Ayrıca, davalı-karşı davacının sözleşmenin feshinde haksız olması, cezai şart istemi yönünden sözleşmenin 17/f maddesi koşullarının oluşmaması ve diğer tüm taleplerinin ise müspet zarar niteliğinde olup sözleşmenin feshine karar verilmiş olmakla fesih halinde müspet zararlar istenemeyeceğinden mahkemece bu istemin de reddine karar verilmesinde dairemizce bir isabetsizlik görülmemiştir.

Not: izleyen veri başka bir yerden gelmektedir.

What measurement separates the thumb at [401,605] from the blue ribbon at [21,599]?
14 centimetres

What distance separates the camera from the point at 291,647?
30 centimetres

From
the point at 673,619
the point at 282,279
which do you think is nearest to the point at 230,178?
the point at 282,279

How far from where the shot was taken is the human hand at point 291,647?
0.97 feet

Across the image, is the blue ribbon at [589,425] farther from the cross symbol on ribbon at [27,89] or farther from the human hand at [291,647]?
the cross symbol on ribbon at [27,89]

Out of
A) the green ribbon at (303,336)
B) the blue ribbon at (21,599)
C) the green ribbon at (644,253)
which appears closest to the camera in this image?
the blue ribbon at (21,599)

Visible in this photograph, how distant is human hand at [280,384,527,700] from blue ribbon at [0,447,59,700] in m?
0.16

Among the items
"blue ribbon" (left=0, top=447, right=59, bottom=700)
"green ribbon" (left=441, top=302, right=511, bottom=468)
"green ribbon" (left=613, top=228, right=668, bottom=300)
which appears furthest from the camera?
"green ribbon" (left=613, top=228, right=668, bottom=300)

Bu durumda, istinaf kanun yoluna başvuranın dilekçesinde yer verdiği itirazların açıklanan gerekçe ışığında yerinde olmamasına, kararda kamu düzenine ilişkin bir aykırılık bulunmamasına, kararının usul ve esas yönünden hukuka uygun olmasına göre, duruşma açılmasına gerek görülmeyerek Hukuk Muhakemeleri Kanunu’nun 353/1-b-1 maddesi gereğince istinaf başvurusunun esastan reddine karar verilmesi gerekmiştir.

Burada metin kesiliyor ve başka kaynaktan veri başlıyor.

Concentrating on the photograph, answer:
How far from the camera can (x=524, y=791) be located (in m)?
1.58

HÜKÜM : Yukarıda açıklanan nedenlerle;
1-Davalı-karşı davacı vekilinin istinaf başvurusunun Hukuk Muhakemeleri Kanunu’nun 353/1-b-1 maddesi uyarınca ESASTAN REDDİNE,
2-Davalı-karşı davacı için asıl dava yönünden istinaf karar harcı olan 37.469,48 TL’nin peşin alınan 9.367,36 TL’den mahsubu ile kalan 28.102,12 TL’nin davalı-karşı davacıdan alınarak hazineye gelir kaydına,
3-Davalı-karşı davacı için karşı dava yönünden istinaf karar harcı olan 80,70 TL’nin peşin alınan 44,40 TL’den mahsubu ile kalan 36,30 TL’nin davalı-karşı davacıdan alınarak hazineye gelir kaydına,
4-İstinaf başvurusu nedeni ile davalı-karşı davacı tarafından asıl dava ve karşı dava yönünden ayrı ayrı yapılan 121,30 TL istinaf kanun yoluna başvurma harcı ile yargılama giderlerin kendi üzerinde bırakılmasına,
5-HMK’nın 359/4. maddesi gereğince, temyizi kabil olan kararın dairemiz yazı işleri müdürlüğü tarafından resen tebliğe çıkarılmasına,
Dosya üzerinden yapılan inceleme neticesinde, kararın tebliğinden itibaren iki hafta içinde Yargıtay ilgili Hukuk Dairesinde temyiz yolu açık olmak üzere 04.01.2022 tarihinde oybirliğiyle karar verildi.